Broken Umbrella

The 3 Reasons Why Using Your Cyber Insurance in a Breach is the Worst Thing You Can Do

The cybersecurity landscape for businesses is more volatile and unpredictable than ever. Companies of all sizes are constantly threatened by cybercriminals, with data breaches potentially lurking around every corner. In response, many organizations have turned to cyber insurance as a safety net, hoping it will cushion the blow if their defenses give way. However, relying on cyber insurance in the aftermath of a cyber incident can have significant downsides. Let’s explore the three primary reasons why using your cyber insurance in a breach might not be the protection you think it is.

Higher Premiums

First and foremost, the financial ramifications of claiming cyber insurance can be severe. Following a breach, companies that make a claim can expect their insurance premiums to skyrocket. According to an article from CRN, premiums for cyber insurance saw a significant spike in 2020 and 2021 due to an onslaught of ransomware attacks, a trend that will likely continue as threats evolve. When a company files a claim, it’s signaling to insurers that it’s a higher risk. This event leads to increased costs and will limit the scope of future coverage, making comprehensive protection more challenging to obtain.

Reputational Damage

The second reason to think twice before using your cyber insurance is the potential for reputational damage. When a breach occurs, the focus should be on damage control and maintaining customer trust. However, filing a claim might require disclosing the breach publicly, which can lead to reputational damage. Customers and partners may lose confidence in the business’s ability to protect their data, leading to lost business and partnerships. A study revealed that companies that suffered a data breach saw a significant decline in customer trust, with 65% of breach victims losing faith in the organization. This reputational hit can be long-lasting and more costly than the immediate financial impact of the breach itself.

Potential Legal Implications

Finally, there are potential legal implications to consider. Using your cyber insurance might seem like an easy way out, but it could complicate legal matters. Filing a claim often involves a thorough investigation of the incident, which could uncover legal liabilities or compliance issues that the company wasn’t previously aware of. Non-compliance can result in hefty fines, further adding to the financial burden of the breach. 
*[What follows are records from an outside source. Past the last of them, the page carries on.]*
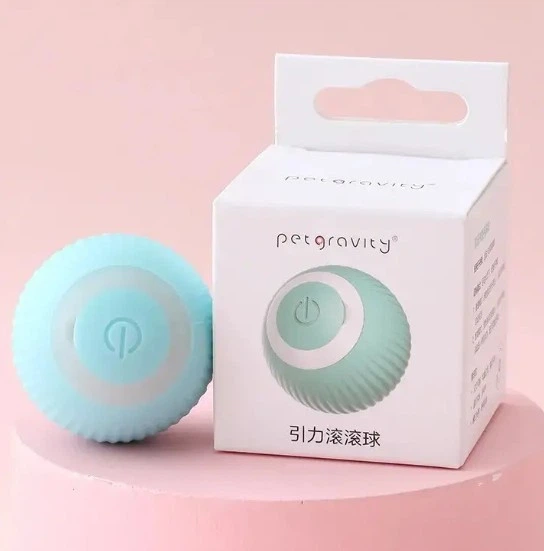 Интерактивная игрушка для кошки smart мяч PetGravity с хаотичным движением и световой панелью - изображение 10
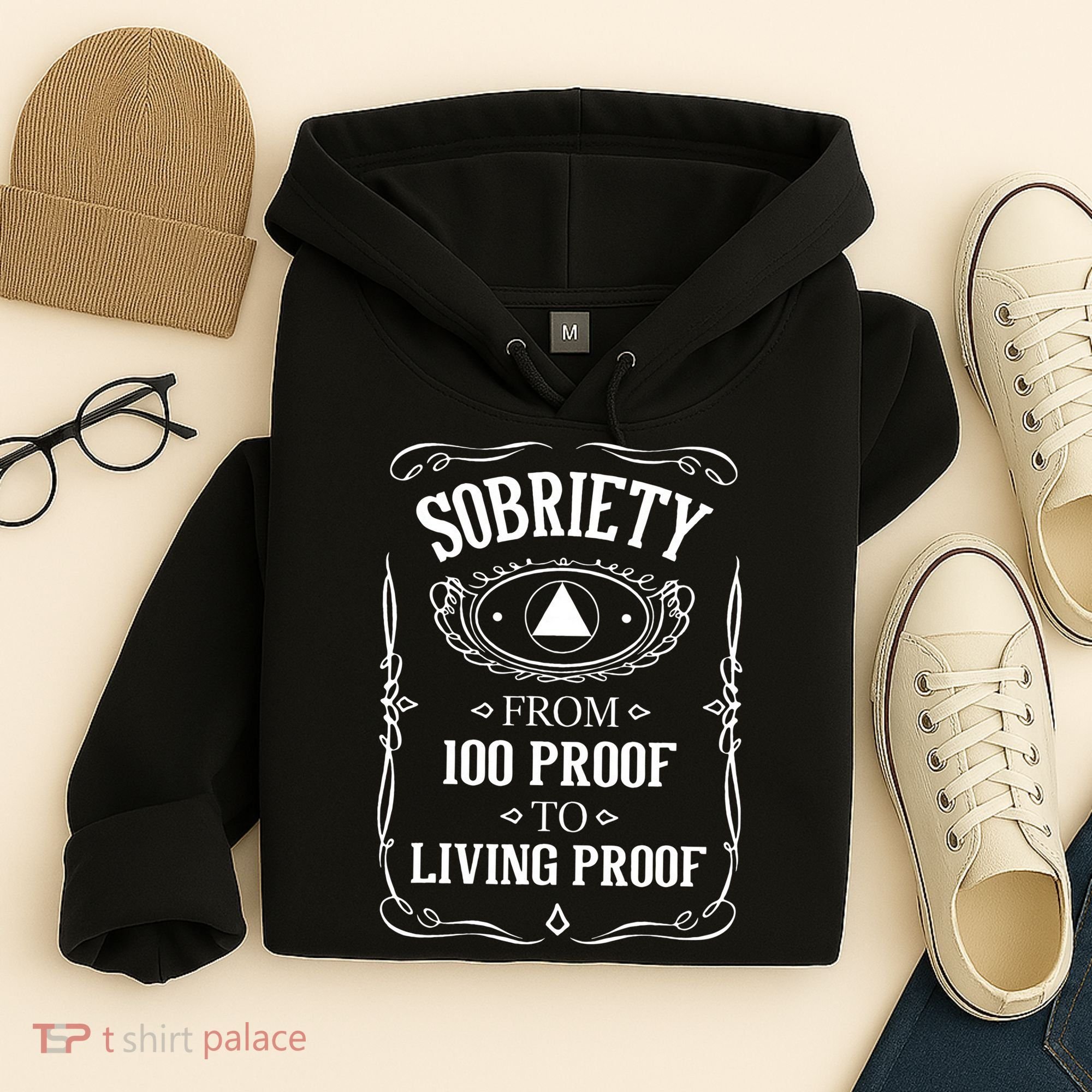 Living Proof Sobriety Anniversary Sober AA NA Recovery Hoodie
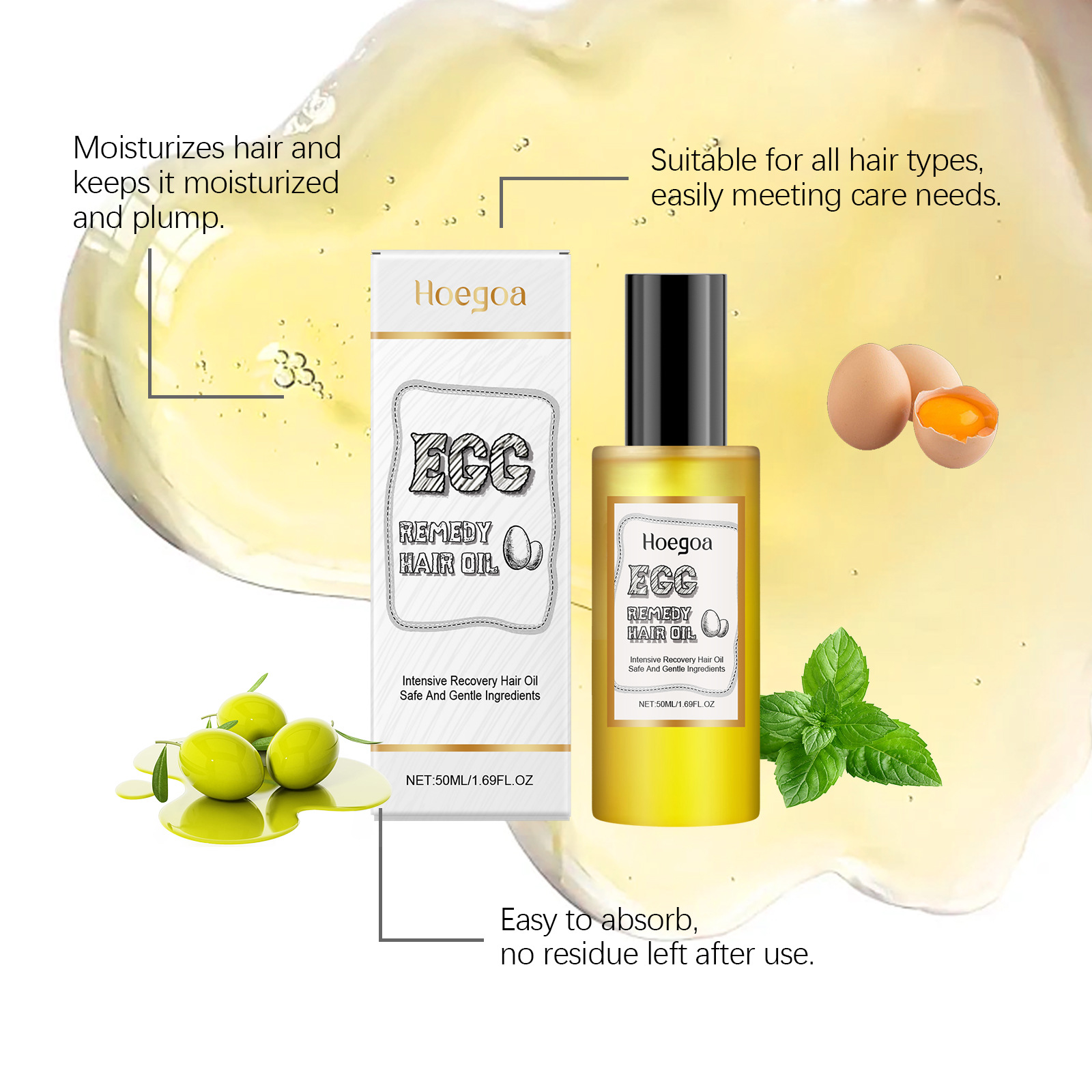 Remedia de huevo, aceite para  - Hair Care Naturally reseña y precio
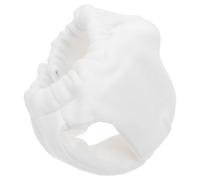 MAGICLULU Couches Réutilisables et Lavables pour Petits Animaux en Polyester Blanc, Absorbantes et Confortables, pour Hamsters et Chiots Miniatures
The Mission-Critical Approach

Facing a cyber breach is undoubtedly a mission-critical moment for any organization. While cyber insurance can play a role in a comprehensive cybersecurity strategy, it should not be the first line of defense in the wake of a breach. Instead, companies should prioritize robust cybersecurity measures, regular employee cybersecurity awareness training, and developing an effective incident response plan. In the event of a breach, seeking advice from technology providers with expertise in cyber risk management, like GB Tech, can provide the guidance needed to handle the aftermath strategically and protect the organization’s future.

It’s not just about recovering from a breach; it’s about making your cybersecurity framework so resilient that attackers find it nearly impossible to penetrate so you don’t have to use your current cyber insurance. That’s the mission-critical approach needed in today’s environment.